There is a famous saying in Zen: "Great doubt, great awakening. Small doubt, small awakening. No doubt, no awakening."
This is not the skepticism of the philosopher who doubts everything to find logical proof. This is the Great Doubt (Daigi). It is the intense, visceral tension that arises when the logical mind hits a wall. It is the moment when your usual answers no longer satisfy you, when the ground beneath your feet seems to disappear, and you are left facing reality without the safety net of concepts.
This state of uncertainty is not a crisis. It is a threshold. It is the mind stripping away its illusions to see what remains.
Why call it a Genealogy? Because this doubt is not something you face alone. For centuries, masters have guided disciples through this very terrain. They did not transmit dogmas or fixed beliefs. They transmitted the capacity to dwell in uncertainty until it blossomed into clarity.

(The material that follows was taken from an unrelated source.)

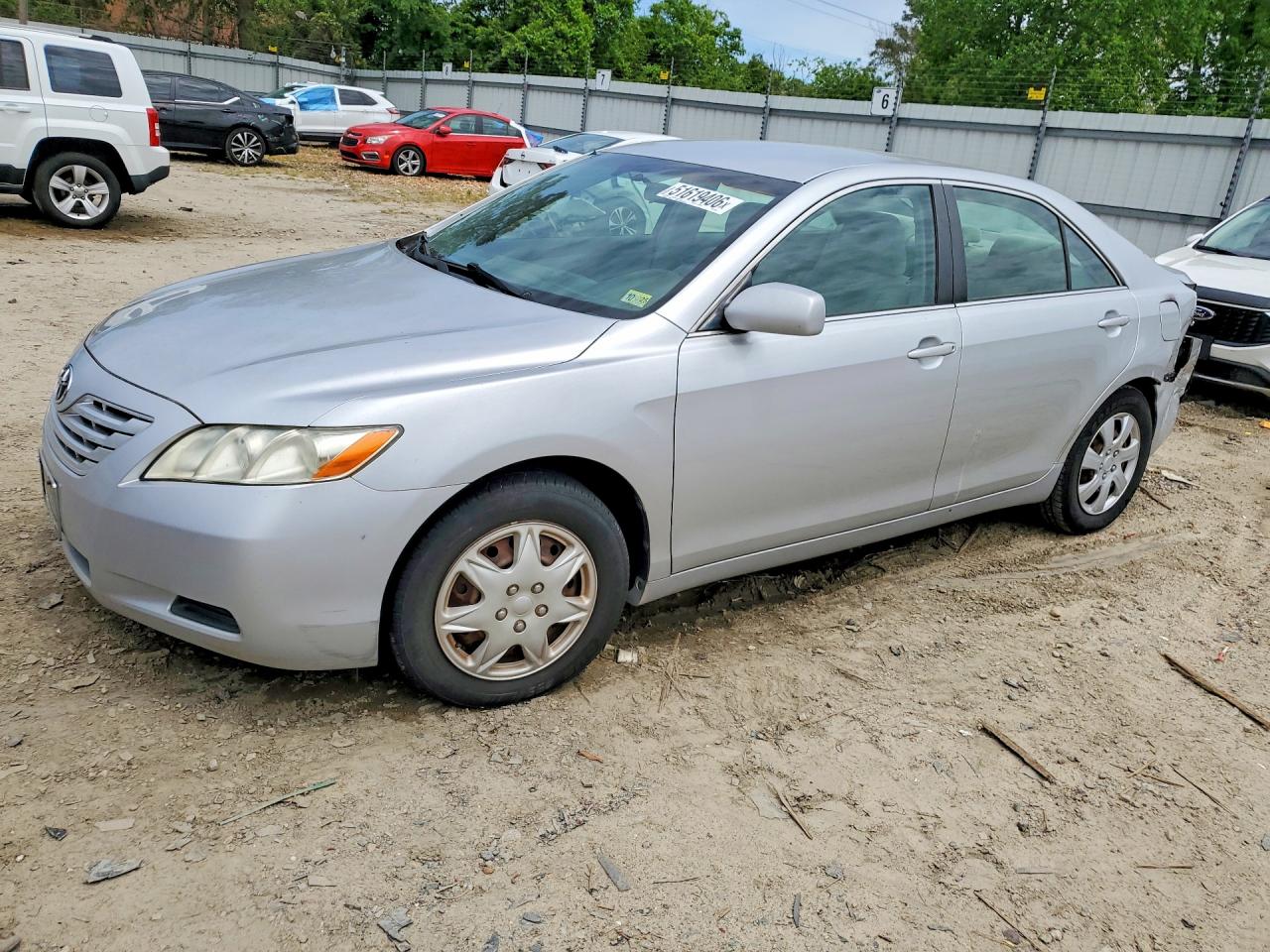 Salvage Toyota Camry Image
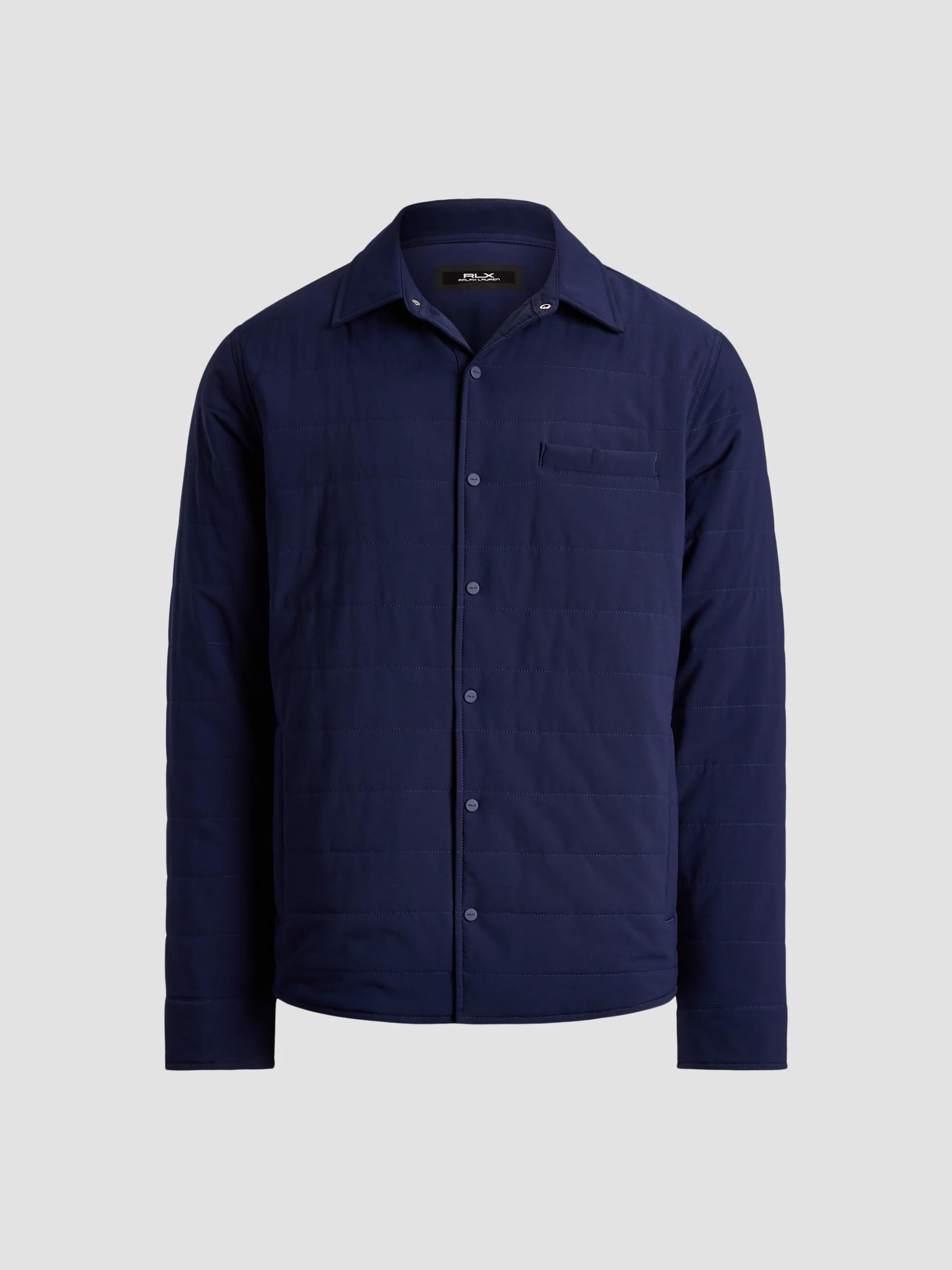 RLX Ralph Lauren Performance Quilted Zip-Front Sweatshirt | Saks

The "genealogy" is the lineage of those who dared to let go. It is the shared experience of waking up, passed from teacher to student, not as information, but as a living fire. Each story in this collection is a link in that chain, showing how doubt, when fully embraced, transforms into wisdom.
If you are reading this, you likely have questions. Perhaps you feel a sense of unrest, a feeling that there must be more to life than surface appearances. Do not suppress that feeling. Do not rush to answer it with easy consolations.
Instead, lean into it. Let the question burn. In the space of that open, honest doubt, you will find the clarity you are seeking. The Genealogy of Doubt is an invitation to stop fighting your uncertainty and start walking through it.